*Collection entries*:
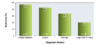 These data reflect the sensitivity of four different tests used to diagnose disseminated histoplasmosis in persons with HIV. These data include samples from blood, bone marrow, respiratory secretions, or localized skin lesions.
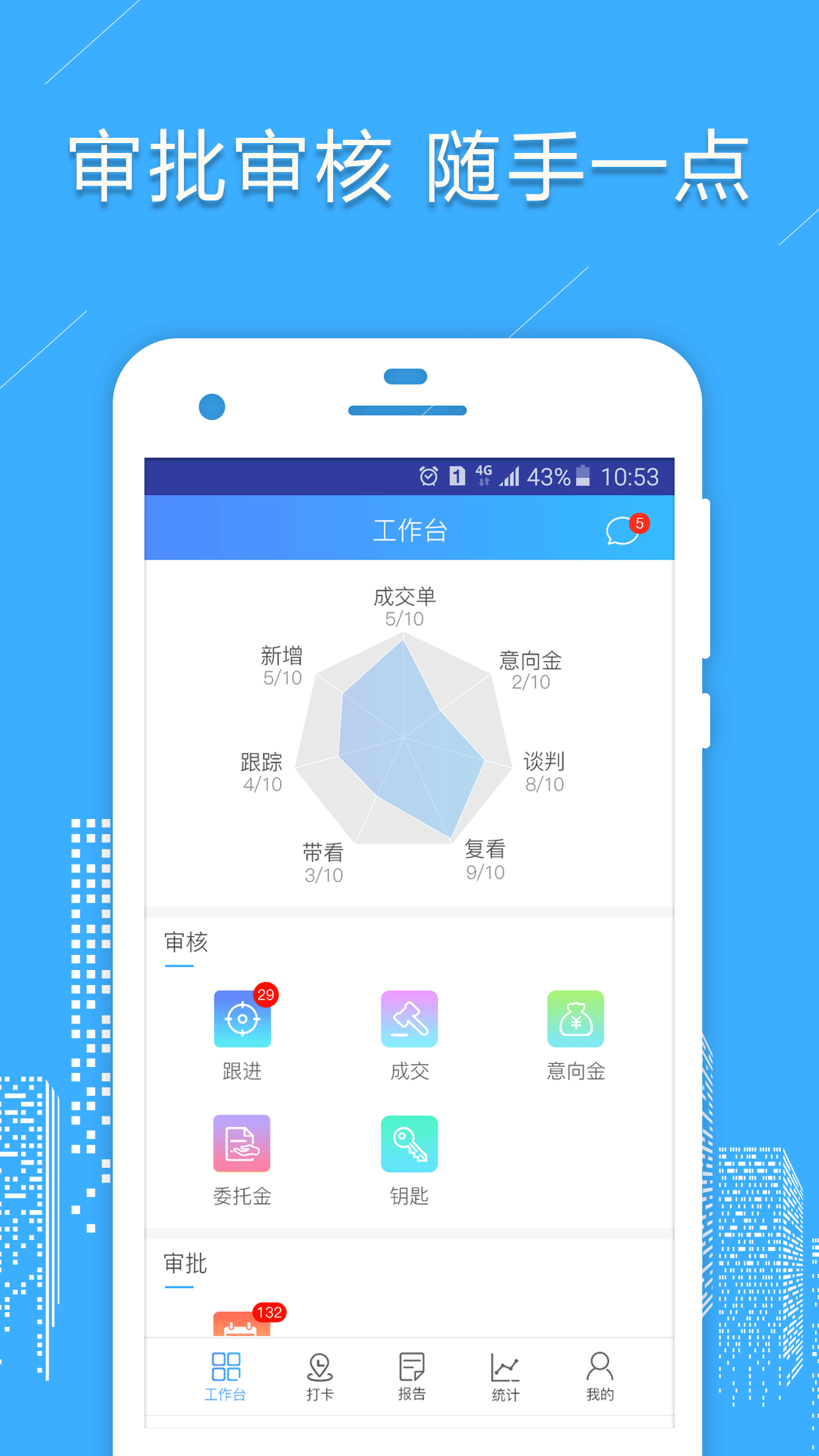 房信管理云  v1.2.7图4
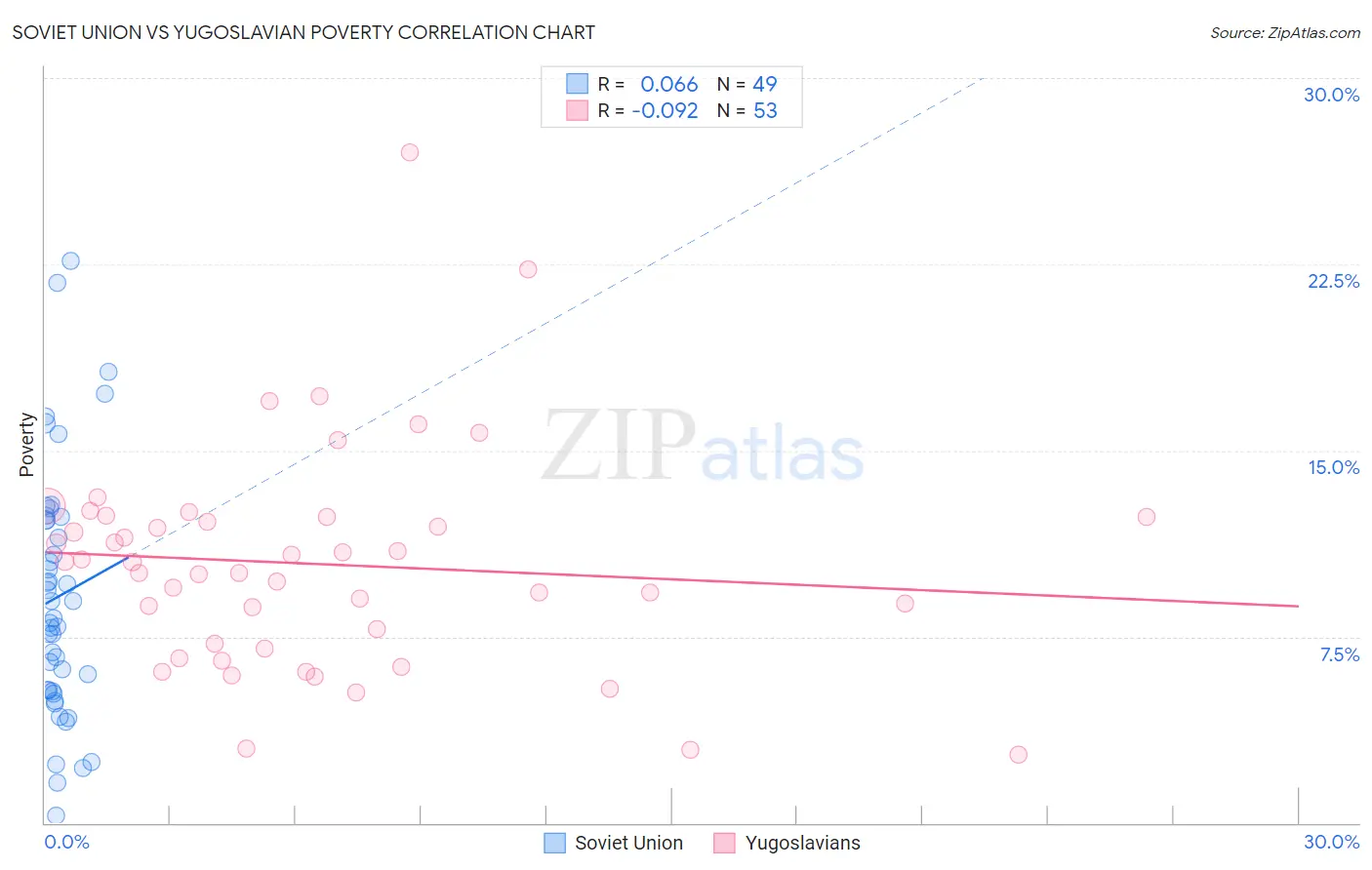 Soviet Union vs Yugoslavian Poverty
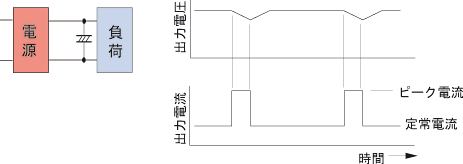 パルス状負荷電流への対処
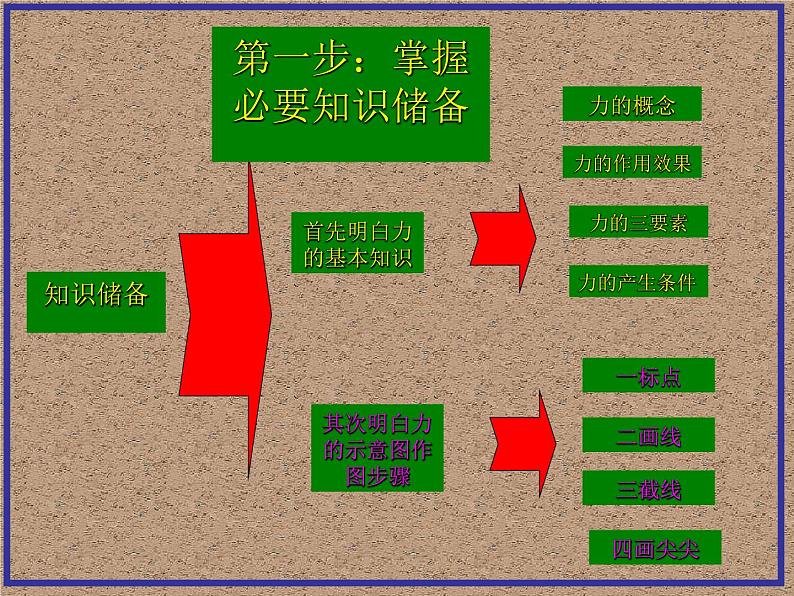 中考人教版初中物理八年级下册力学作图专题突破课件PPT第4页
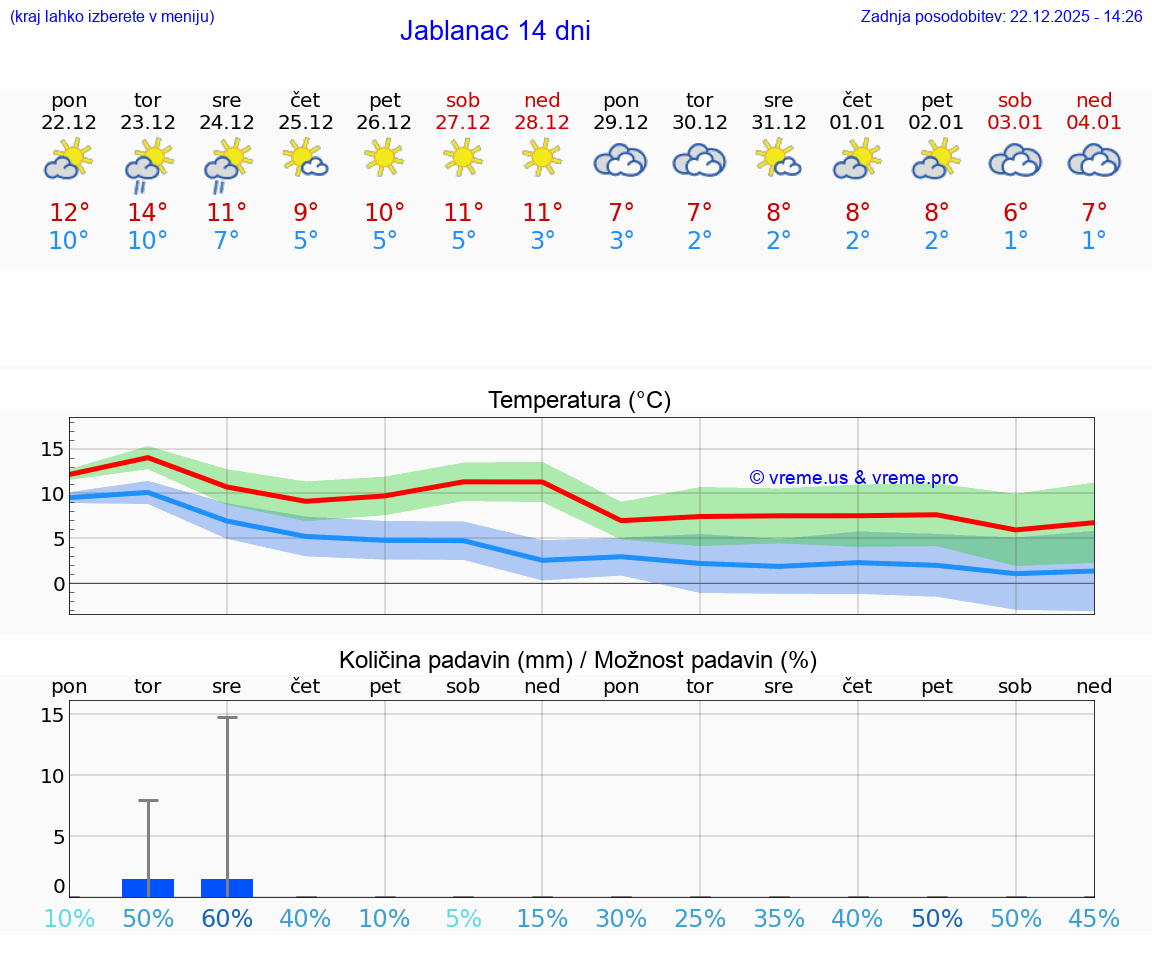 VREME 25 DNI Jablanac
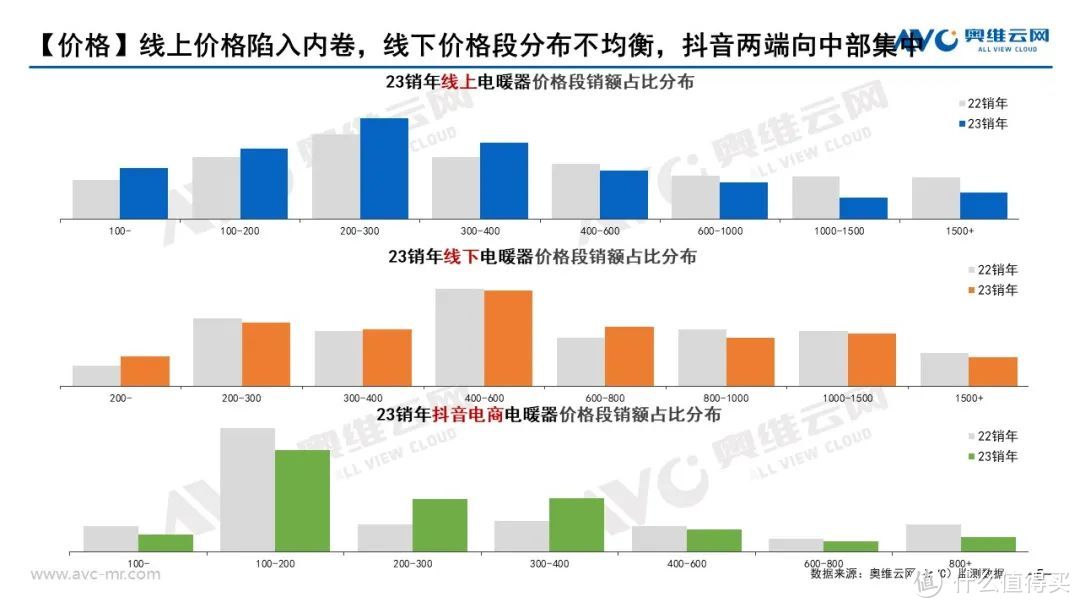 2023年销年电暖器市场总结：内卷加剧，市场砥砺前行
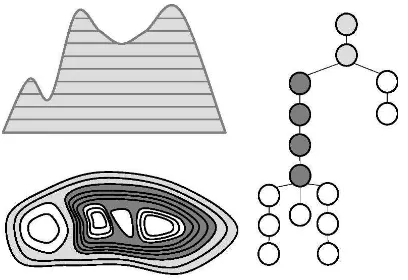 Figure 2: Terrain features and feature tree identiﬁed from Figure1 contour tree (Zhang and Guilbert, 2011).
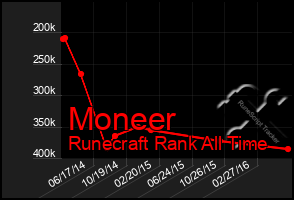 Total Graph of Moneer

*Problem to solve*: Every record is to be repeated exactly, and no picture is carried over.

*Answer to this problem*:
 These data reflect the sensitivity of four different tests used to diagnose disseminated histoplasmosis in persons with HIV. These data include samples from blood, bone marrow, respiratory secretions, or localized skin lesions.
 房信管理云  v1.2.7图4
 Soviet Union vs Yugoslavian Poverty
 パルス状負荷電流への対処
 中考人教版初中物理八年级下册力学作图专题突破课件PPT第4页
 VREME 25 DNI Jablanac
 2023年销年电暖器市场总结：内卷加剧，市场砥砺前行
 Figure 2: Terrain features and feature tree identiﬁed from Figure1 contour tree (Zhang and Guilbert, 2011).
 Total Graph of Moneer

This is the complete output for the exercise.